Requirement: For this exercise, repeat the listing below from its first line through the line containing "Pumpkin Spice Latte", exactly as written.
── Record extracts ──
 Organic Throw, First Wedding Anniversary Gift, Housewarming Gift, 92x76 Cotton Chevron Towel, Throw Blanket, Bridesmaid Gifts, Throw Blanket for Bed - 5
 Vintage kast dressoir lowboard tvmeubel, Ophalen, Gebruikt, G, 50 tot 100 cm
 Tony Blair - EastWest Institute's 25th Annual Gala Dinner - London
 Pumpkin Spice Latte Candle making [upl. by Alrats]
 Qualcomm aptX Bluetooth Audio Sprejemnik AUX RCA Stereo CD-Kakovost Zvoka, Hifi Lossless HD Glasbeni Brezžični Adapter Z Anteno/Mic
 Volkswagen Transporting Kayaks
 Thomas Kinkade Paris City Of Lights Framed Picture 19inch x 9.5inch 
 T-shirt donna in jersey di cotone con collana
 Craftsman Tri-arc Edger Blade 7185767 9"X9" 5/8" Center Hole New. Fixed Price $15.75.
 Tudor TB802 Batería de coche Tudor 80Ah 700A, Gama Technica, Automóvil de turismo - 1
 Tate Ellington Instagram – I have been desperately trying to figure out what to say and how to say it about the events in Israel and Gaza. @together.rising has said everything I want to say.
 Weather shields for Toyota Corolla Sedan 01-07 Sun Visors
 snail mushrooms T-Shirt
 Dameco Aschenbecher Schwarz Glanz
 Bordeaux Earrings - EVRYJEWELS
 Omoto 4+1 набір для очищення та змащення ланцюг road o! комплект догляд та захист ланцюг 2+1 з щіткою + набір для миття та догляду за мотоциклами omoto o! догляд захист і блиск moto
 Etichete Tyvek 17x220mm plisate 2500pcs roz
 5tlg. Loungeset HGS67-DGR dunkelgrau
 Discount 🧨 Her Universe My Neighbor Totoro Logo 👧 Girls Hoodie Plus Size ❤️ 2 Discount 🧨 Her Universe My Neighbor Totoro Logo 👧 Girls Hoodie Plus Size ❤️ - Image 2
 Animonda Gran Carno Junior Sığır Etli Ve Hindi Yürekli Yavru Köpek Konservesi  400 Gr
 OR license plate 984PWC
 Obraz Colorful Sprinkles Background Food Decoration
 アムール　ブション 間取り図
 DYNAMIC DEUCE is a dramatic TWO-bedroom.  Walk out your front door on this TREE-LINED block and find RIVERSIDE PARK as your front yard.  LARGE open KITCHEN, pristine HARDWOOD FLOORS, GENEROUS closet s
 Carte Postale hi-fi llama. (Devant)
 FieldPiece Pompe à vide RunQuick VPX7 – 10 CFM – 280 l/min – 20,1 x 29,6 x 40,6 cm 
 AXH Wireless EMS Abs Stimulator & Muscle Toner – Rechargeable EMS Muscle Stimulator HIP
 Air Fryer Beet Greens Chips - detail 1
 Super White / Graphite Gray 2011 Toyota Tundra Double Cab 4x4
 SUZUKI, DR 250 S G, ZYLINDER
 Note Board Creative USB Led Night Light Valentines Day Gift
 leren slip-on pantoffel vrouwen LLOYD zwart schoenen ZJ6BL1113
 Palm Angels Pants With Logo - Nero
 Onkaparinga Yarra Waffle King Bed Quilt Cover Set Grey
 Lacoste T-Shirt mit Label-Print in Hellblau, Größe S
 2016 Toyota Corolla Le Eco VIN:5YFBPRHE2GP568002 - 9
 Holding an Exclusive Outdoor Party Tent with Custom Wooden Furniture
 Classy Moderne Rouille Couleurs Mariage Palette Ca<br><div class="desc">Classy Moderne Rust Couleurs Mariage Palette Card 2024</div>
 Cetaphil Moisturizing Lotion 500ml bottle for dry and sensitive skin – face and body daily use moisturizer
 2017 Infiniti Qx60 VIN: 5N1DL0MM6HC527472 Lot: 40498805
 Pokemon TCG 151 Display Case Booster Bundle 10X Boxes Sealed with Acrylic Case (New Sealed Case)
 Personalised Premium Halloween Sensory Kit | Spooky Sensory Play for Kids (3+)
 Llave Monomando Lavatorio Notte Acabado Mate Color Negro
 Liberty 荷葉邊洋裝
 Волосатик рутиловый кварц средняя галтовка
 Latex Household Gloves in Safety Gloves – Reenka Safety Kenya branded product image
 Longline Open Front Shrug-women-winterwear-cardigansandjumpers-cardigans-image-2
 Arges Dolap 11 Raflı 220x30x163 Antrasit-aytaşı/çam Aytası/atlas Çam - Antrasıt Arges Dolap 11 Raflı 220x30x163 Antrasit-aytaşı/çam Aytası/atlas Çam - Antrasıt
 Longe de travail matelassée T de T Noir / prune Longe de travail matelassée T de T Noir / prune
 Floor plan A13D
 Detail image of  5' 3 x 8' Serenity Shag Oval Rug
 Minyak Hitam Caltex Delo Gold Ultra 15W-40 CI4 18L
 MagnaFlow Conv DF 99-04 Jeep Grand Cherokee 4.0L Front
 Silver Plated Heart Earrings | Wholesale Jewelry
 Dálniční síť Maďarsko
───
Exercise solution:
 Organic Throw, First Wedding Anniversary Gift, Housewarming Gift, 92x76 Cotton Chevron Towel, Throw Blanket, Bridesmaid Gifts, Throw Blanket for Bed - 5
 Vintage kast dressoir lowboard tvmeubel, Ophalen, Gebruikt, G, 50 tot 100 cm
 Tony Blair - EastWest Institute's 25th Annual Gala Dinner - London
 Pumpkin Spice Latte Candle making [upl. by Alrats]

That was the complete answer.